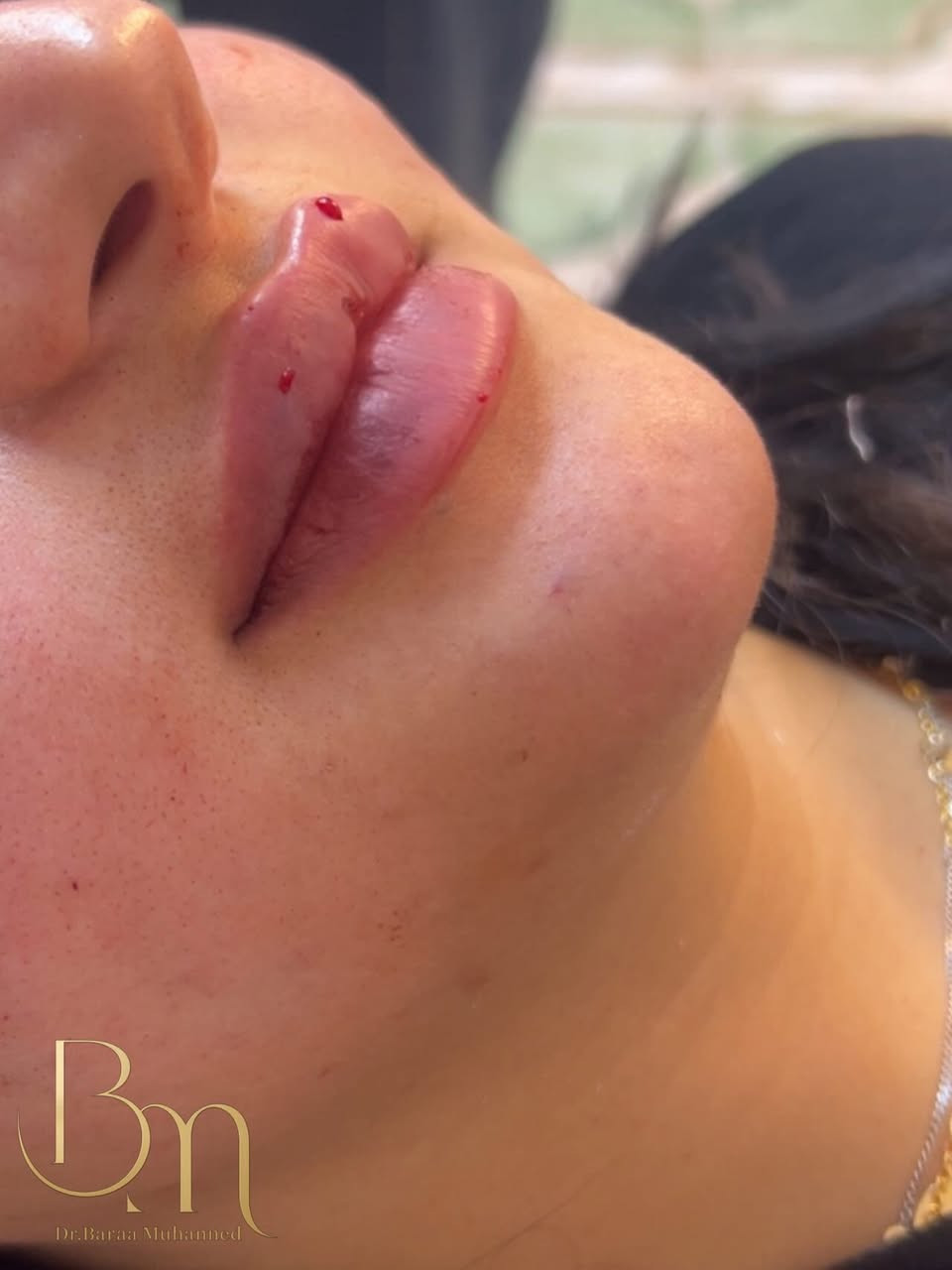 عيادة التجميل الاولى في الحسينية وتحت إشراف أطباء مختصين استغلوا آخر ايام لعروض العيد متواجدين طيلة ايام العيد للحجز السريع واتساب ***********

◆ ◆ ◆ ◆ ◆ ◆ ◆

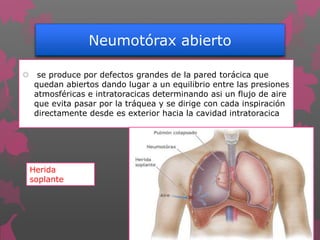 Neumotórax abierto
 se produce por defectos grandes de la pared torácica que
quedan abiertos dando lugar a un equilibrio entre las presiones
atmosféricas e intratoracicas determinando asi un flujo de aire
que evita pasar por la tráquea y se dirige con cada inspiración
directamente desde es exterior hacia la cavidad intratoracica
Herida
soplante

◆ ◆ ◆ ◆ ◆ ◆ ◆

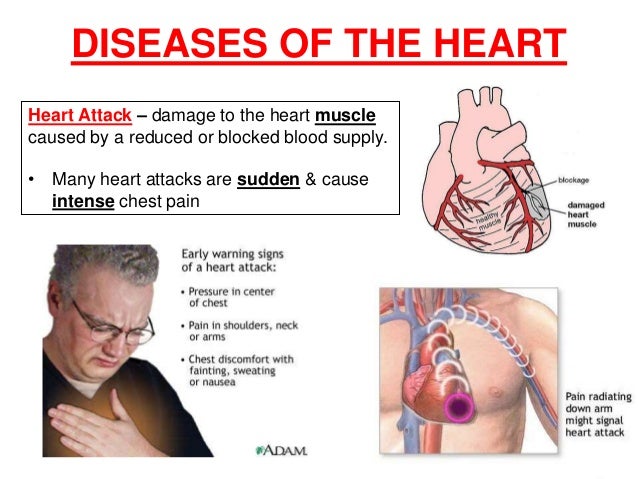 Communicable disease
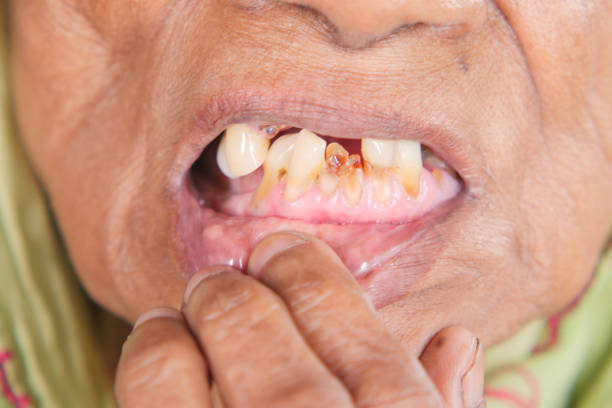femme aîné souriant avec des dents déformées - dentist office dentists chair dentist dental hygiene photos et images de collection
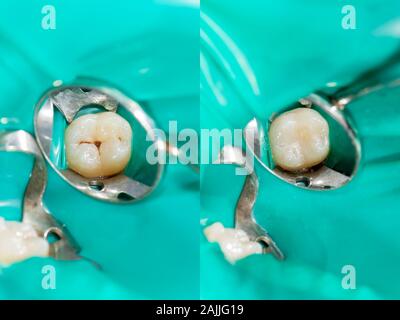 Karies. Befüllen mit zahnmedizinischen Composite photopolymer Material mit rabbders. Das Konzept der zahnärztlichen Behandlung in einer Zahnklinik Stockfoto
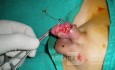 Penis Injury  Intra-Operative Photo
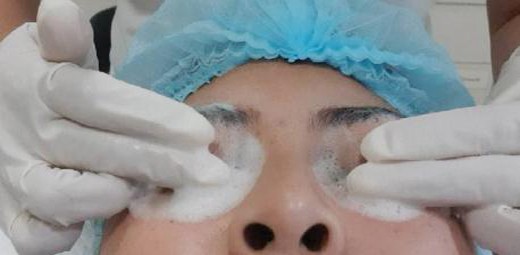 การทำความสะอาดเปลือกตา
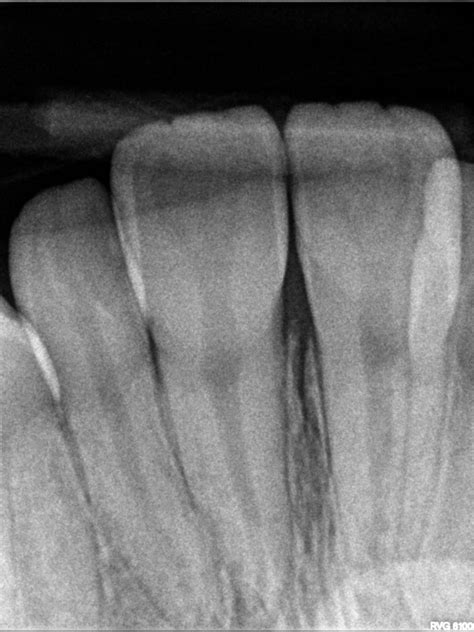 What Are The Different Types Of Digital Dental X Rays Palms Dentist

◆ ◆ ◆ ◆ ◆ ◆ ◆

Leave out every picture, and copy exactly the lines above starting at the one holding "การทำความสะอาดเปลือกตา" and ending at the one holding "What Are The", no more and no less.

 การทำความสะอาดเปลือกตา
 What Are The Different Types Of Digital Dental X Rays Palms Dentist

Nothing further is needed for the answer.